(Pictures with short captions)
----------------
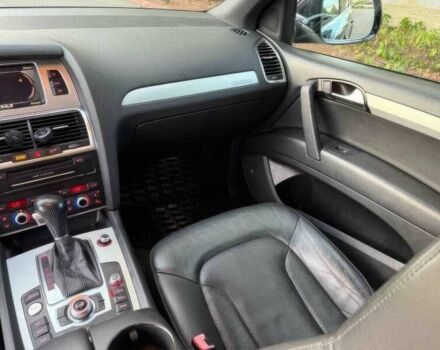 Черный Ауди Ку 7, объемом двигателя 3 л и пробегом 145 тыс. км за 13500 $, фото 14 на Automoto.ua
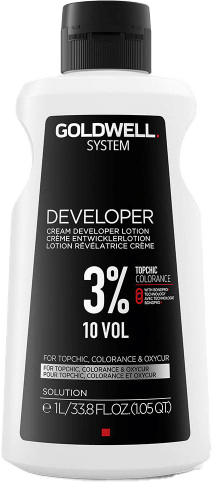 Goldwell System Entwickler 3% 1000ml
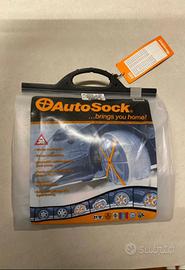 calze da neve per auto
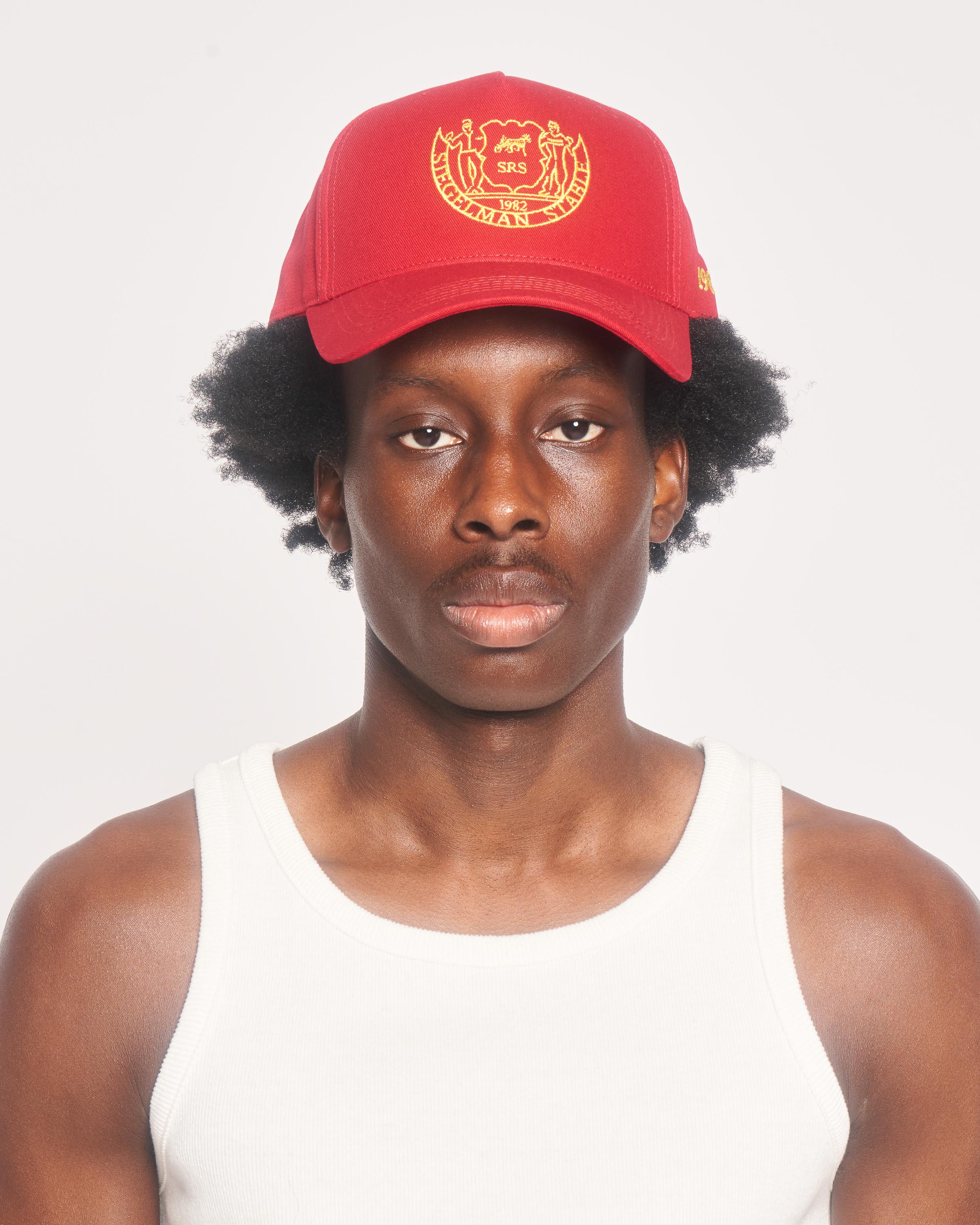 Siegelman Stable Heritage Crest Hat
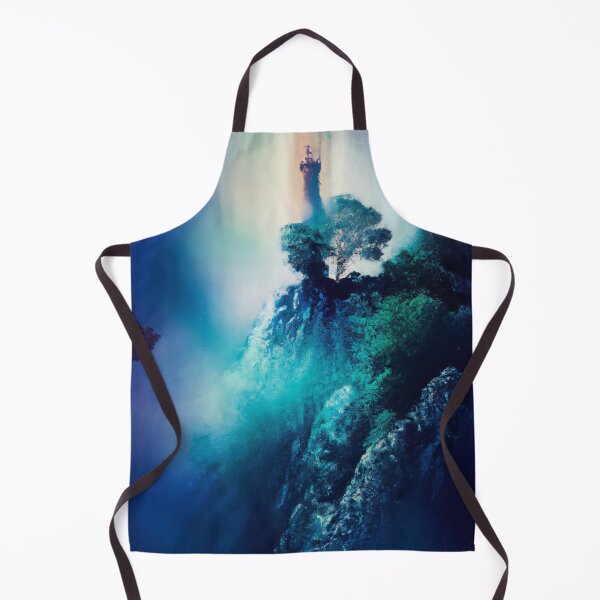 Item preview, A person standing on top of a mountain designed and sold by aryan-gallery.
----------------
Could the data above be copied out exactly, with no pictures kept?

● Solution for this task
 Черный Ауди Ку 7, объемом двигателя 3 л и пробегом 145 тыс. км за 13500 $, фото 14 на Automoto.ua
 Goldwell System Entwickler 3% 1000ml
 calze da neve per auto
 Siegelman Stable Heritage Crest Hat
 Item preview, A person standing on top of a mountain designed and sold by aryan-gallery.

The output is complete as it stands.